My familiarity with the areas and the backcountry around Revelstoke (B.C.), the East Kootenays and both the east and west slopes of the Rockies lent itself very well to what was needed. The last movie that I appeared in was done in 2008, but I did some advertising stills just last year.
Is life a bit less dramatic now that you’re not doing so much on camera?
Less public, maybe, but still very active. Something that I brought from skiing to snowmobiling is my interest in avalanche safety. I’m an active member of the Canadian Avalanche Association and I took the safety course through them. I started teaching avalanche safety courses to snowmobilers specifically in 1999, and I’ve been doing it ever since.
Last year was a very entertaining year for me. I was working for Carl Kuster Mountain Park (CKMP), located between Revelstoke and Sicamous. They don’t advertise much, but they are a pretty big player (in backcountry adventure). Carl is a long-time professional snowcross racer for BRP (Bombardier Recreational Products), and he has a guiding service and a large lodge, and I’m one of the guides. This year we’ll be doing avalanche courses right out of his operation.
Aside from guiding and teaching, do you have a specific profession?
I’m a silviculture contractor, doing less silviculture these days and working more for the coal mines and such with their environmental restoration. My business is called Green Space Silviculture Services Ltd.
What's ahead for you now?
With all my snowmobile-modifying experience and practices over the years, I’ve learned a great deal and I’m going to open a shop in Revelstoke. Pretty much everything I learned was from Brent Linderman at Arctic Edge Motorsports—without him I wouldn’t have a fraction of the knowledge I do have.

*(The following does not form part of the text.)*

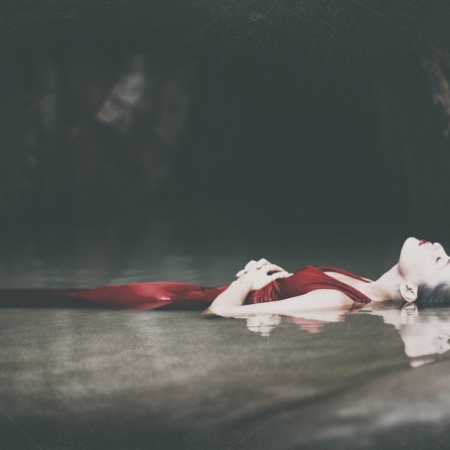 Να με ηρεμείς και να με νοιάζεσαι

My business will be called Epicentre Powder Sports, and we’ll be open on November 1. The shop will specialize in snowbikes, and I’ll have snowmobiles, too. We’re sharing a building with Full Speed Rentals & Marina. This year, the bikes will really be taking off, because all the major film companies will have a segment on snowbikes. The bikes themselves are being made by motorcycle manufacturers, and there are about three manufacturers of retrofit kits that you can install onto your motorcycle. The most popular one is the Mountain Horse, made by Timbersled Products.
It’s exciting that there will be another kit coming out very soon, and it’s being designed and made in the Sicamous area by C3 Powersports. It will be pretty exotic—all carbon fibre and titanium. The bulk of the manufacturing will be done in Edmonton, Alberta, once the demand is there.
I've pretty much dedicated my life to the outdoors, and opening the shop is a good next step for me.